Study material:
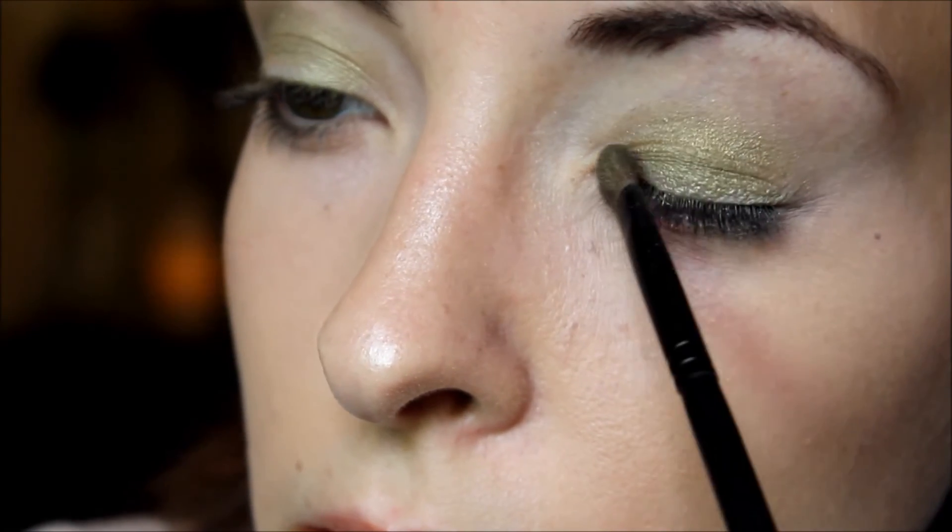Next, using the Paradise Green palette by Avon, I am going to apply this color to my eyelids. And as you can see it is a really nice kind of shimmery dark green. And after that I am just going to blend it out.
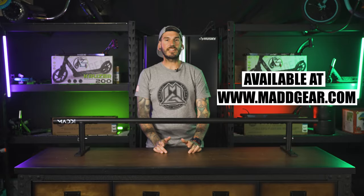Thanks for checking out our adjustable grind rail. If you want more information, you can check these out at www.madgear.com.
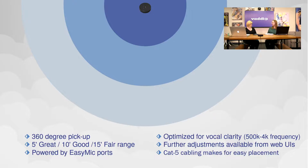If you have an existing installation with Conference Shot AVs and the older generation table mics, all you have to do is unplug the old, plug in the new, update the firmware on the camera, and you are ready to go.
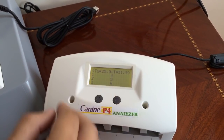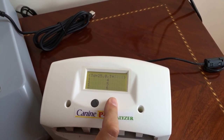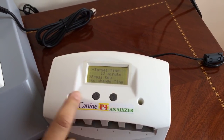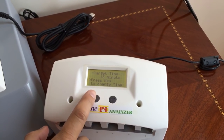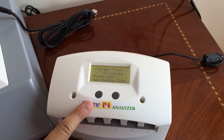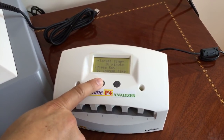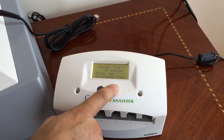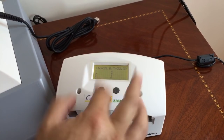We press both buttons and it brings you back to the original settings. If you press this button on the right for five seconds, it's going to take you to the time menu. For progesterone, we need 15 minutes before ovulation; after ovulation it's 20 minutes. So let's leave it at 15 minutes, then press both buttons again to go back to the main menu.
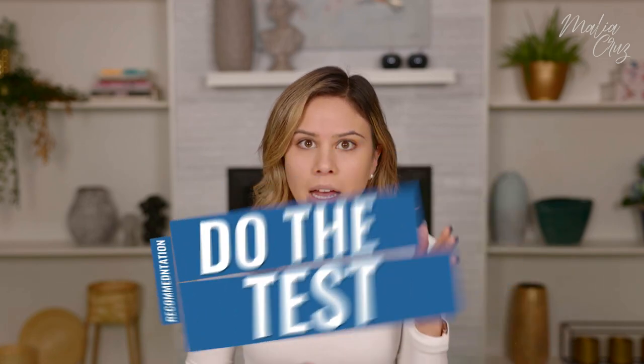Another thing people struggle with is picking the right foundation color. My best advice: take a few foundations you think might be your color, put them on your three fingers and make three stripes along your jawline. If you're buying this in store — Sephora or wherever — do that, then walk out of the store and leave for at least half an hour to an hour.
...
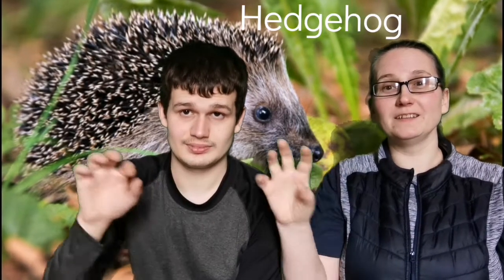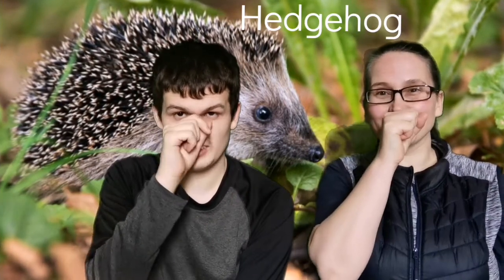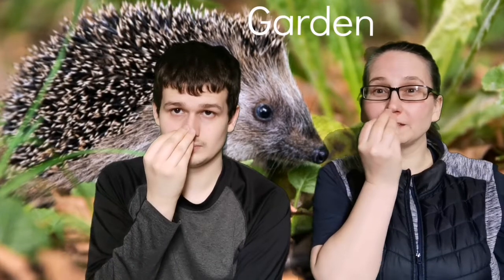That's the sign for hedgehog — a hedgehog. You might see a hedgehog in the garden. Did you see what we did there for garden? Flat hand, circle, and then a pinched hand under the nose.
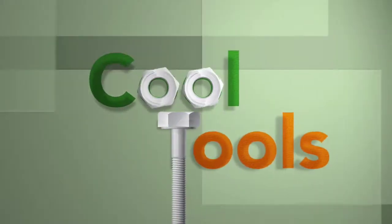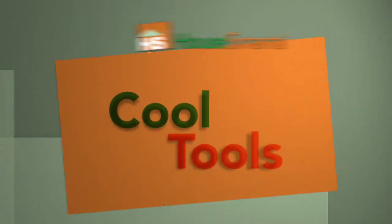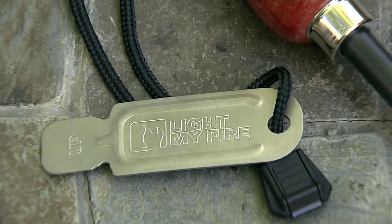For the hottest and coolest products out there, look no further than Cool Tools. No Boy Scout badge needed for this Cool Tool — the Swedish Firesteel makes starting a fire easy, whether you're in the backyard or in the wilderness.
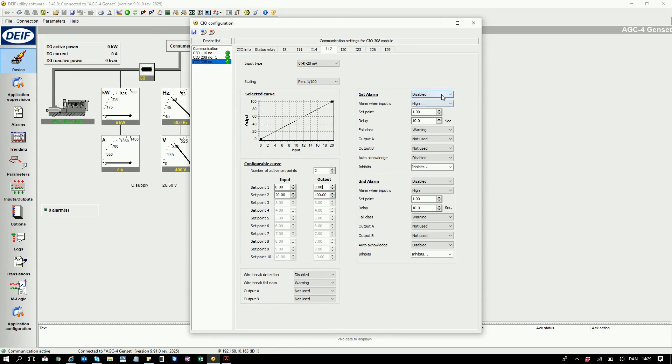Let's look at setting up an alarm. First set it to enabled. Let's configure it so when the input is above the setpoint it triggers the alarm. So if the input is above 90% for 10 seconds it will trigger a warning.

Exercise requirements:
Reproduce exactly, with no pictures, the lines above from the one holding "Next, using the" to the one holding "We press both", inclusive.

Solved problem:
Next, using the Paradise Green palette by Avon, I am going to apply this color to my eyelids. And as you can see it is a really nice kind of shimmery dark green. And after that I am just going to blend it out.
Thanks for checking out our adjustable grind rail. If you want more information, you can check these out at www.madgear.com.
If you have an existing installation with Conference Shot AVs and the older generation table mics, all you have to do is unplug the old, plug in the new, update the firmware on the camera, and you are ready to go.
We press both buttons and it brings you back to the original settings. If you press this button on the right for five seconds, it's going to take you to the time menu. For progesterone, we need 15 minutes before ovulation; after ovulation it's 20 minutes. So let's leave it at 15 minutes, then press both buttons again to go back to the main menu.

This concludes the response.